The required output is a verbatim transcription of the listing, pictures excluded.

(PROVIDED DATA)

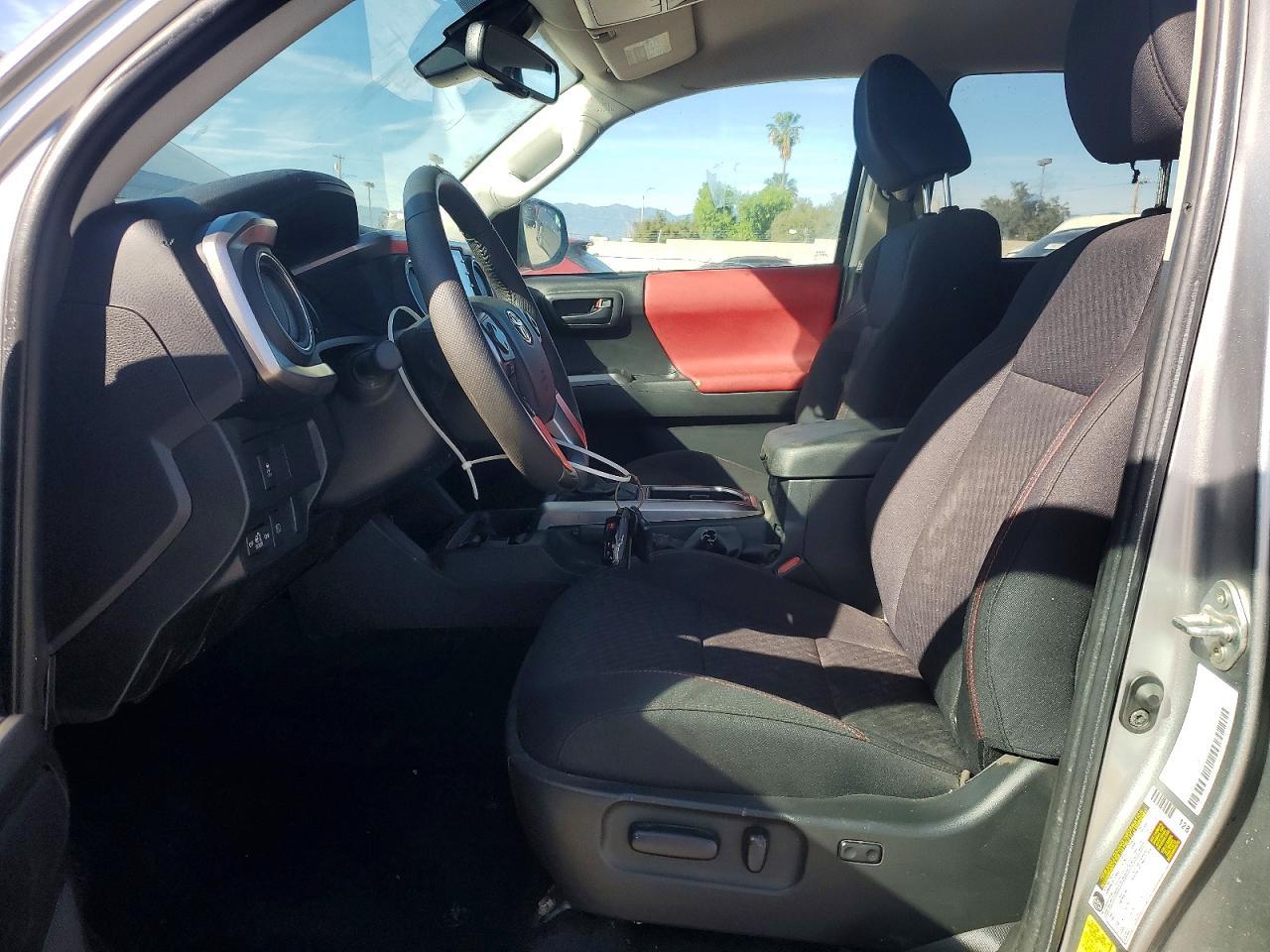 2023 Toyota Tacoma Sr5 V6 - Image 7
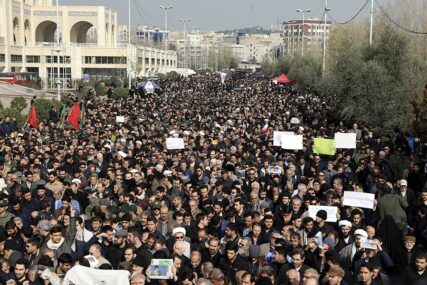 "MRAČNA NOĆ ZA SAD" Iranska štampa piše da je Vašington prvi put priznao NEUSPJEH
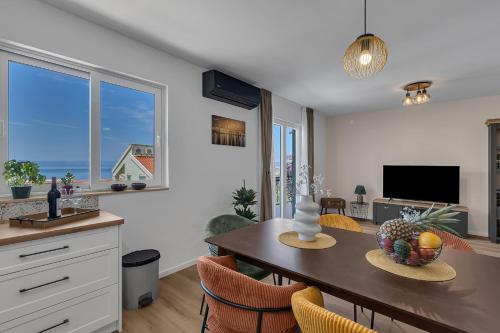 Family apartments Leona Makarska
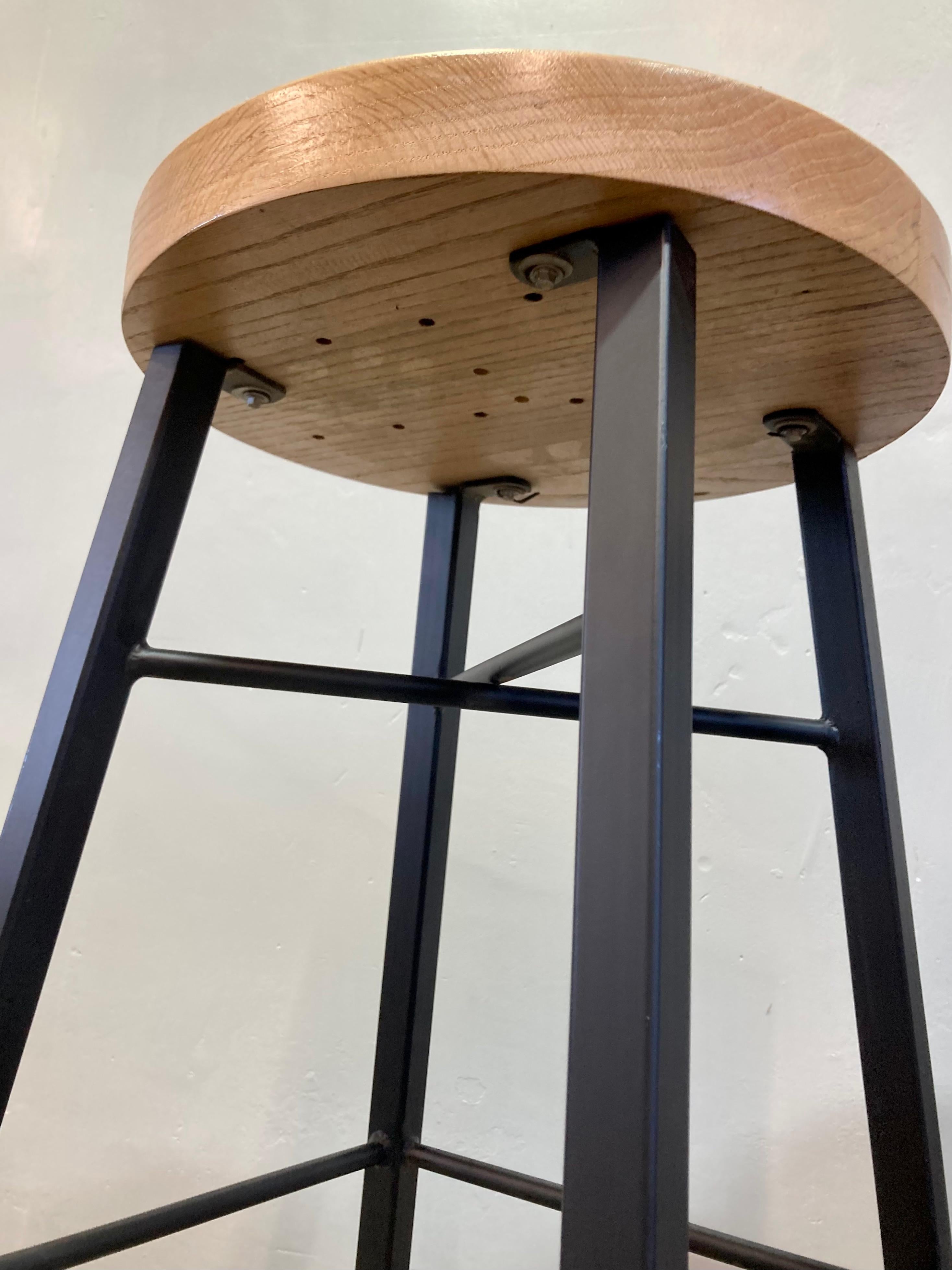 Paar Barhocker aus aufgearbeiteter Eiche (Stahl) im Angebot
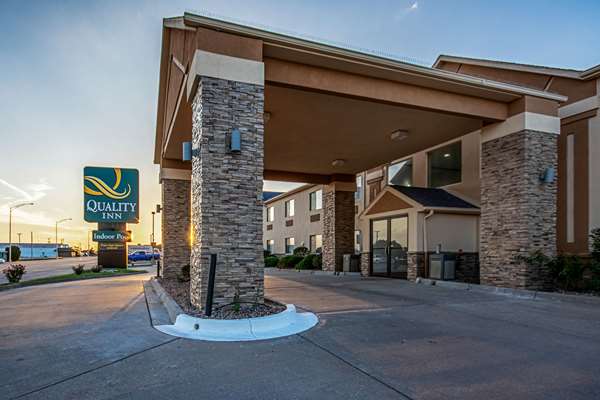 Exterior view - Quality Inn Dodge City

(End PROVIDED DATA)

REPLY:
 2023 Toyota Tacoma Sr5 V6 - Image 7
 "MRAČNA NOĆ ZA SAD" Iranska štampa piše da je Vašington prvi put priznao NEUSPJEH
 Family apartments Leona Makarska
 Paar Barhocker aus aufgearbeiteter Eiche (Stahl) im Angebot
 Exterior view - Quality Inn Dodge City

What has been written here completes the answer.